((

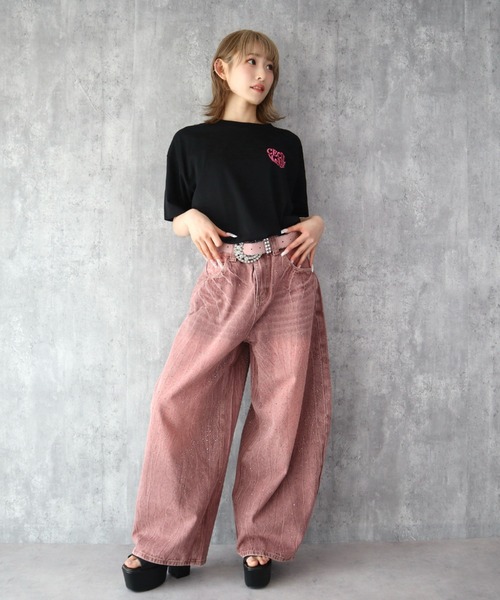 CECIL McBEE(セシルマクビー)の「ベルト付きカーブカラーデニムパンツ(デニムパンツ・レディース・ピンク/イエロー・61/64)」の8枚目の写真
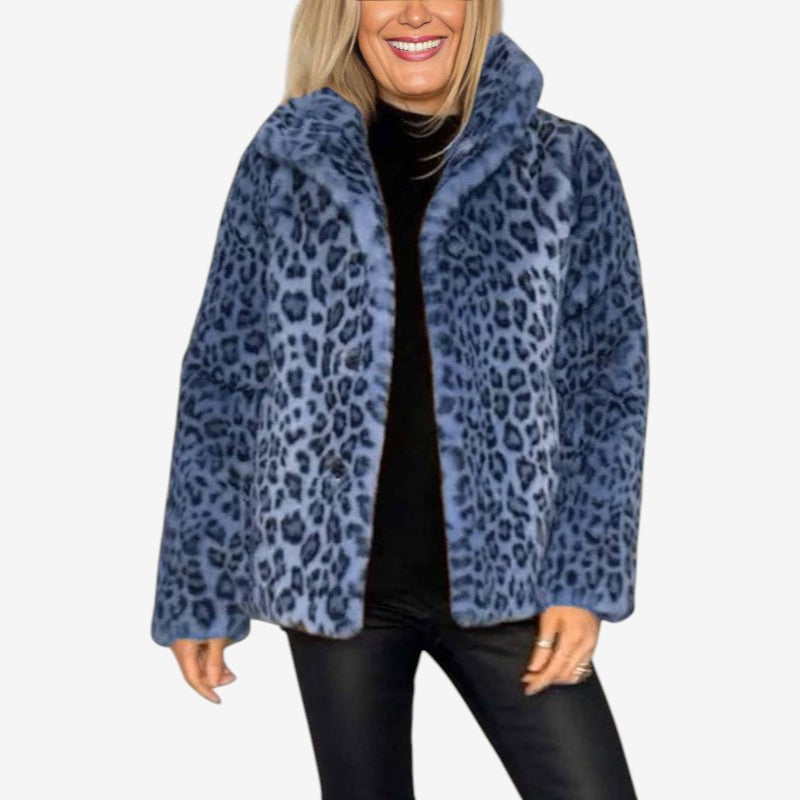 Paige – Kabát s dlouhým rukávem s leopardím potiskem a otevřeným předním dílem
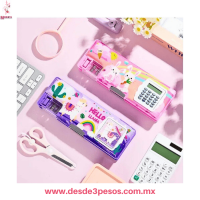 Estuche Escolar Multifuncional Magnetico con Calculadora y Sacapuntas 23 x 8 cm. Decorado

))

EXERCISE DETAILS: When you copy the data, keep every line exact and drop the pictures.

EXPECTED OUTPUT:
 CECIL McBEE(セシルマクビー)の「ベルト付きカーブカラーデニムパンツ(デニムパンツ・レディース・ピンク/イエロー・61/64)」の8枚目の写真
 Paige – Kabát s dlouhým rukávem s leopardím potiskem a otevřeným předním dílem
 Estuche Escolar Multifuncional Magnetico con Calculadora y Sacapuntas 23 x 8 cm. Decorado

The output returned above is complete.